When it comes to communicating value, there’s more to it than just talking the talk.
These days everybody wants to “start a Startup.”
If you follow publications like Tech Crunch and Wired, you might have the impression that the only thing standing between you and Series A funding or a billion-dollar buyout is getting your product built.
What you won’t read as much about is how 9 in 10 startups fail.
Hidden inside that statistic is an even more astonishing notion:
Most startups don’t fail because they lack a product, they fail because they lack customers and a proven financial model Steve Blank
Product on its own is not a business. And product businesses fail because they cannot prove their value.
##The two most important experiments to conduct
The Lean Startup methodology is about learning the most you can — about your customer, your product, your market — with the least amount of waste (read: time and money mis-spent).
Lean methodology is about experimentation, and experiments are about testing hypotheses.
A growth hypothesis tests how new customers will discover your product.
A value hypothesis tests whether a product really delivers value to customers once they are using it.
Testing value is a way of making sure customers want your product or service before you build it.
##Developing your solution
One simple framework for beginning to develop your product idea is a Needs Assessment Matrix.
This simple “Needs Assessment Matrix” is a great tool for developing your initial solution.
Needs refer to the problem your customer has that you’re trying to solve.

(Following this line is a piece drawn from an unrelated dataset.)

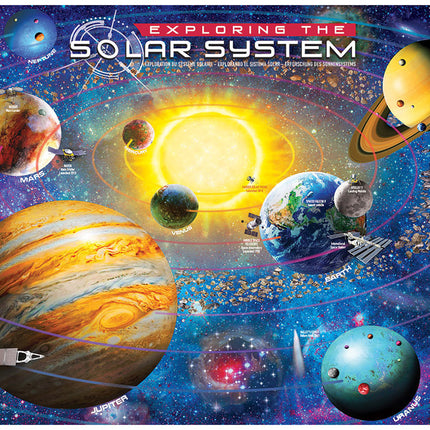 LunchBag- The Solar System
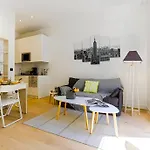 Apartment My Casa - 48 Gioffredo - Near Place Massena *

A customer need can be a macro problem such as “I need a way to manage my accounting online.”
Or it can be a list of (seemingly) disparate micro problems like “I need a way to track the time I spend on client projects, and I need a way to connect my time spent to my client billing.”
Sometimes a macro need has subset needs that we can list out to help us further understand the problem. For example, “I need a way to organize my accounting online, but it’s important that it can be accessed from any device and always stays synced between devices.”

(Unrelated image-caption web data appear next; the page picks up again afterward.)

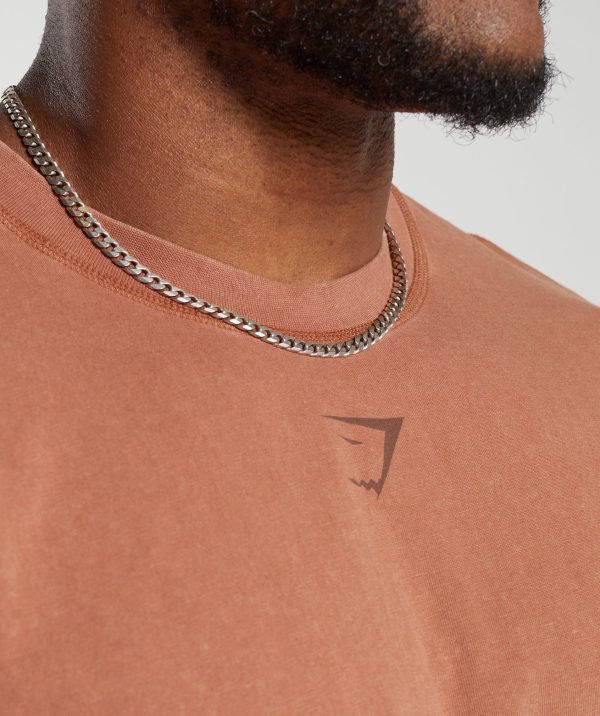 Heritage Washed T-Shirt - Image 7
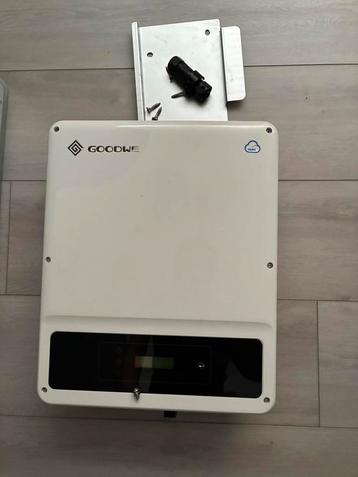 Omvormer goodwe GW3000D-NS beschikbaar voor biedingen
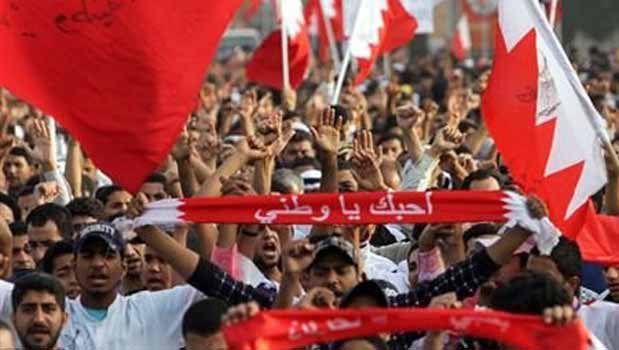 اعتراضات مردم بحرین به طرح الحاق عربستان همچنان ادامه دارد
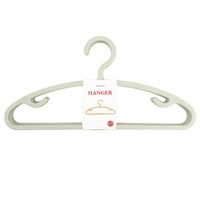 Вешалка для одежды пластмассовая (5 шт.; арт. DV-H-2354)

Once we understand and validate our customer needs, we can start to think about Features — the specific functions of our product that allow our customers to accomplish certain tasks.
The features column is at once the most exciting and dangerous place to play. As designers, engineers and builders it’s naturally the place we gravitate to because we can see what the solution could look like.
The problem is that most product builders start here and languish here — overlooking problem-solution fit entirely and never connecting features with the most important aspect of all: Benefits.
##A whale is no more a fish than a horse is
A value proposition is a clear statement that explains how your solution solves your customer’s problems.
Values can be quantitative such as price, speed or percentage-based gains and losses (cost reduction, profitability increase).
And values can also be qualitative. Descriptions of design, usability and innovation are highly subjective value propositions that are not measurable.
So in order to leverage qualitative values they must resonate as valuable with the customer segment you’re targeting. This is referred to as message-market fit.
But perhaps more importantly: value propositions are not just about marketing.
Marketing relies on value propositions as a way of communicating product value the way the neocortex of our brain tries to communicate what we feel with our limbic system.
And just like with the brain, spoken words can belie our true feelings.
True value is felt. It cannot be faked.
If your stated value propositions are effective in acquiring traffic or converting users, you’ve successfully proven part of your growth hypothesis. This is no small feat, but alone it’s not enough.
Value is a key ingredient that must be baked into your product recipe, not frosted on afterwards.
If you cannot prove value, if your customers can’t perceive your product’s worth, everything else is just words.